* [Records supplied]
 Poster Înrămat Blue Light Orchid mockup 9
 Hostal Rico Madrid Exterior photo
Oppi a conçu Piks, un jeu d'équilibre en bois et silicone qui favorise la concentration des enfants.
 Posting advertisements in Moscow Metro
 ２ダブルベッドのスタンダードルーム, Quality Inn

* [The task] Quote the line that contains "Hostal Rico Madrid Exterior photo" and each line after it through the end of the data, exactly, leaving out everything else.

* [Final answer]
 Hostal Rico Madrid Exterior photo
Oppi a conçu Piks, un jeu d'équilibre en bois et silicone qui favorise la concentration des enfants.
 Posting advertisements in Moscow Metro
 ２ダブルベッドのスタンダードルーム, Quality Inn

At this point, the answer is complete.